Caption-style text data
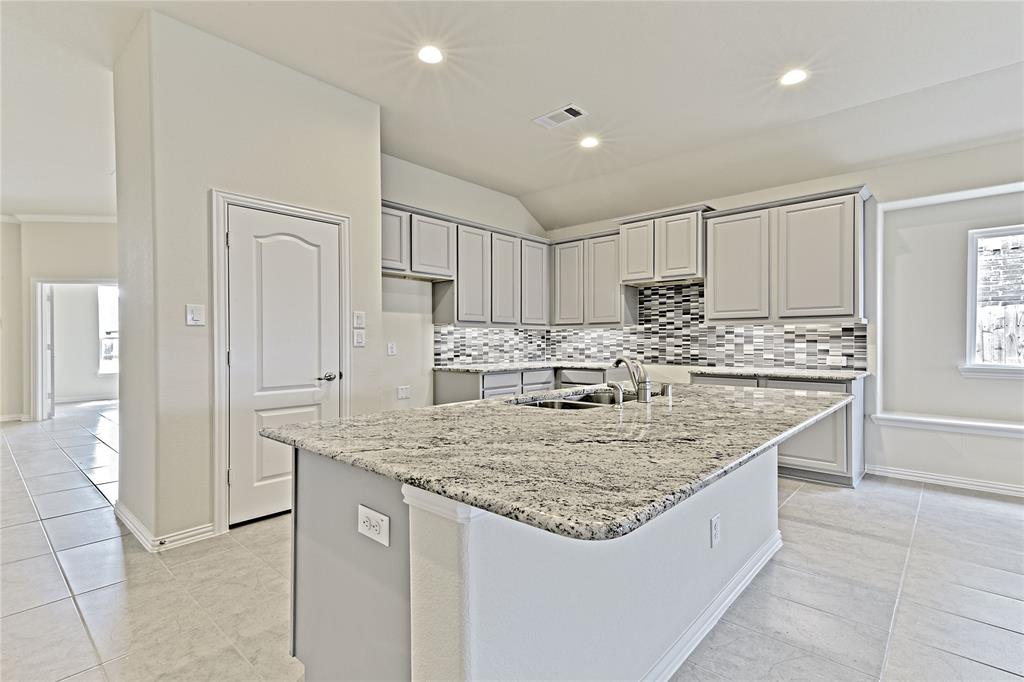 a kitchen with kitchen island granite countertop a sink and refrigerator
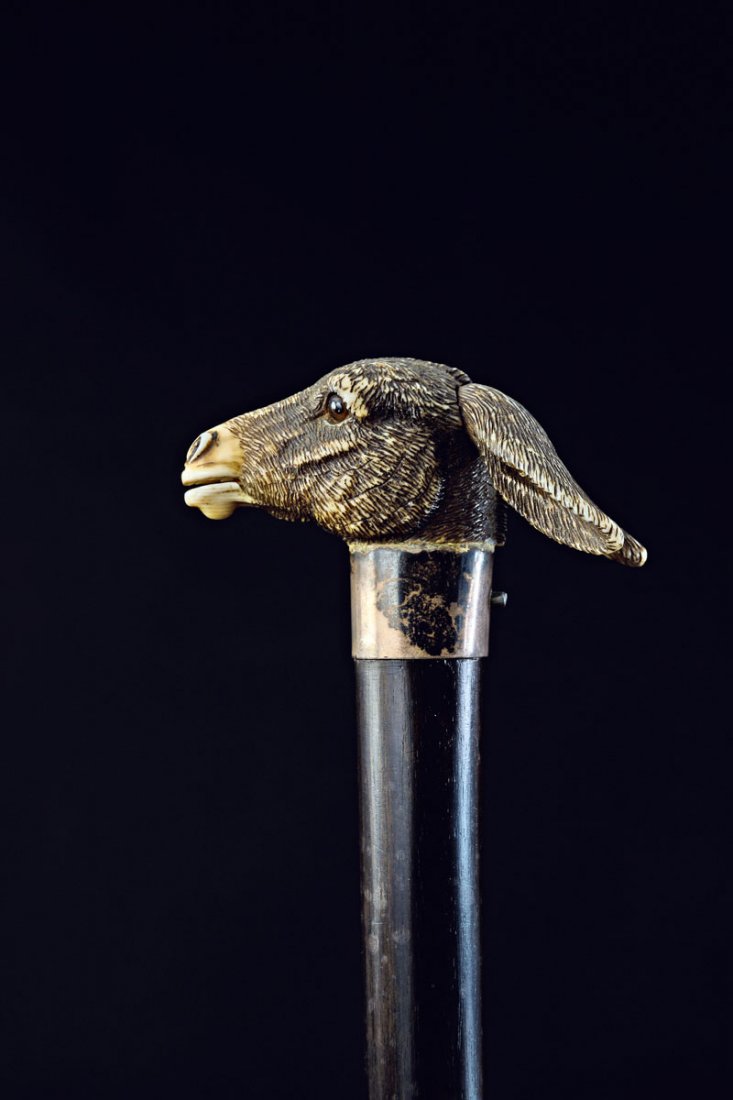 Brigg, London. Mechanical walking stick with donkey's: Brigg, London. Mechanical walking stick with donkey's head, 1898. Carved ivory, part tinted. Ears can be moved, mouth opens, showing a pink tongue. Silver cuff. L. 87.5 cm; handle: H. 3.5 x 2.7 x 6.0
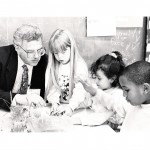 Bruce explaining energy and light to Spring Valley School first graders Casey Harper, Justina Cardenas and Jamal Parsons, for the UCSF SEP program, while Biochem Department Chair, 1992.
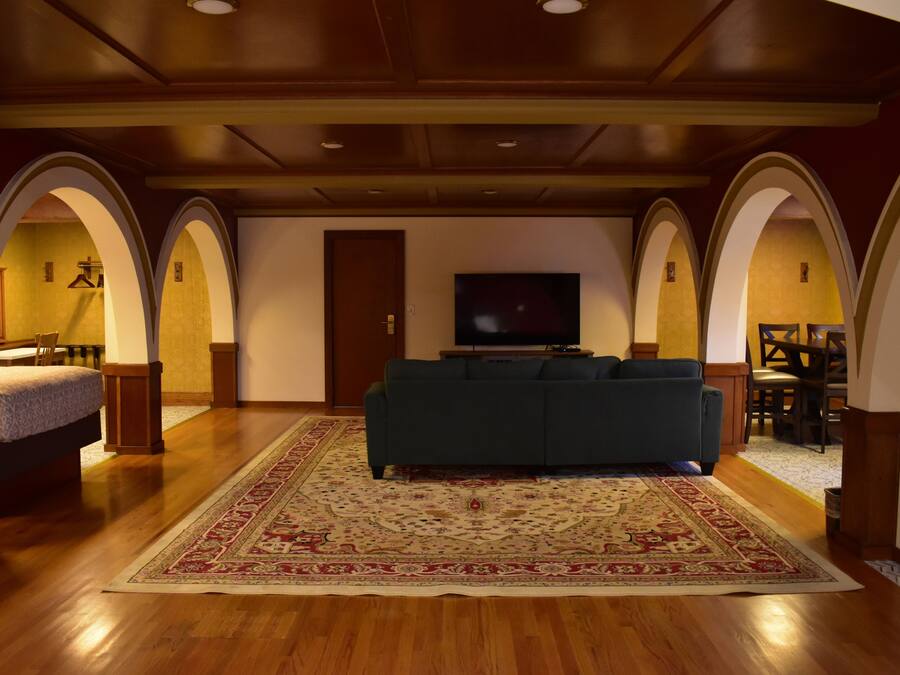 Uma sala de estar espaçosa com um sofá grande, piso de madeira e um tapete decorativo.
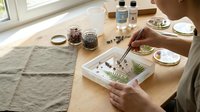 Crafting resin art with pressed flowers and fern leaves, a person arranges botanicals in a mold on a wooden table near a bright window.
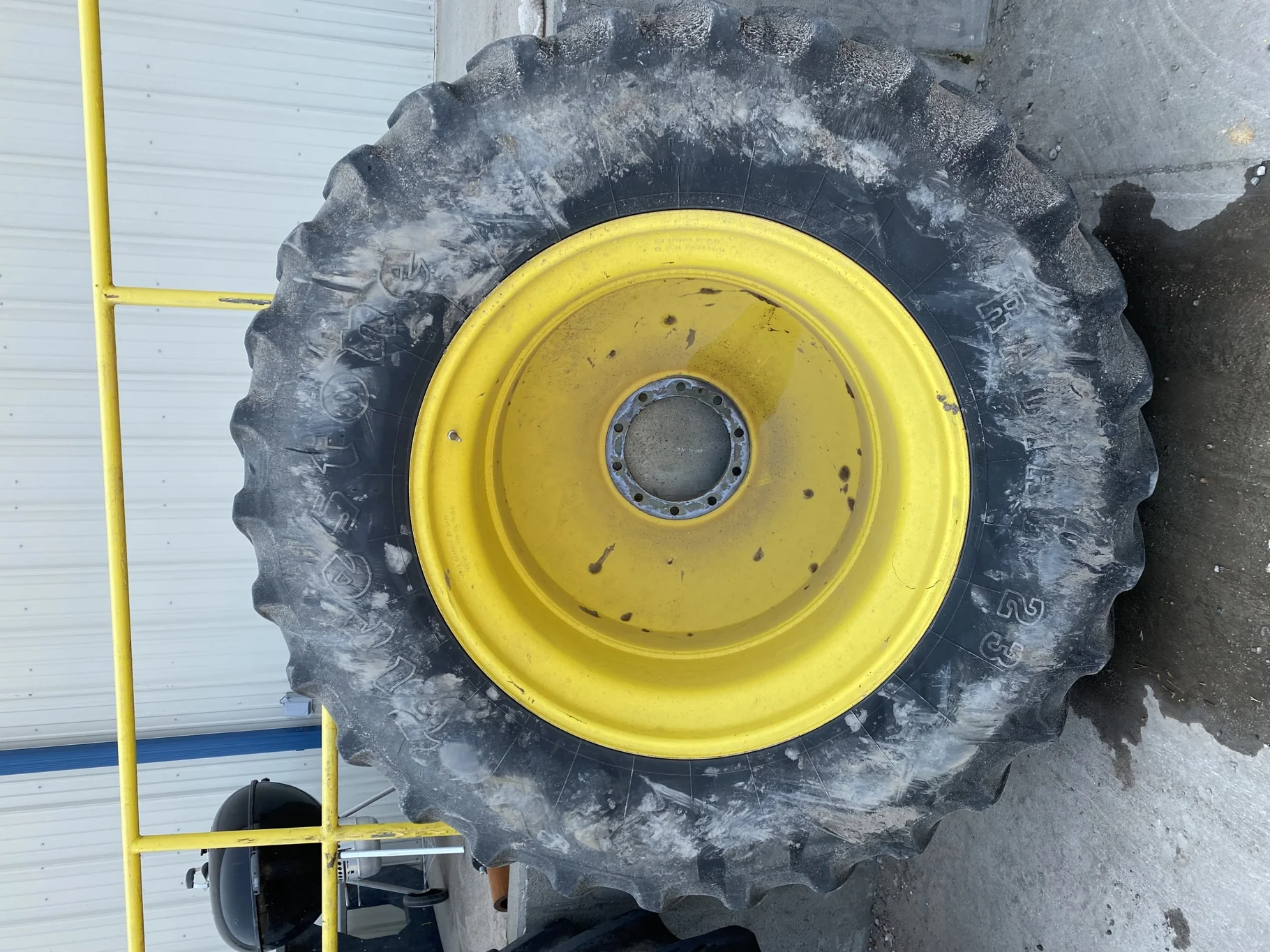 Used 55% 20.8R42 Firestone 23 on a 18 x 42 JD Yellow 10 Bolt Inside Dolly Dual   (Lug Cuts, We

- ACTION ITEM -
Leave out the pictures; repeat the data exactly.

- RESULT BELOW -
 a kitchen with kitchen island granite countertop a sink and refrigerator
 Brigg, London. Mechanical walking stick with donkey's: Brigg, London. Mechanical walking stick with donkey's head, 1898. Carved ivory, part tinted. Ears can be moved, mouth opens, showing a pink tongue. Silver cuff. L. 87.5 cm; handle: H. 3.5 x 2.7 x 6.0
 Bruce explaining energy and light to Spring Valley School first graders Casey Harper, Justina Cardenas and Jamal Parsons, for the UCSF SEP program, while Biochem Department Chair, 1992.
 Uma sala de estar espaçosa com um sofá grande, piso de madeira e um tapete decorativo.
 Crafting resin art with pressed flowers and fern leaves, a person arranges botanicals in a mold on a wooden table near a bright window.
 Used 55% 20.8R42 Firestone 23 on a 18 x 42 JD Yellow 10 Bolt Inside Dolly Dual   (Lug Cuts, We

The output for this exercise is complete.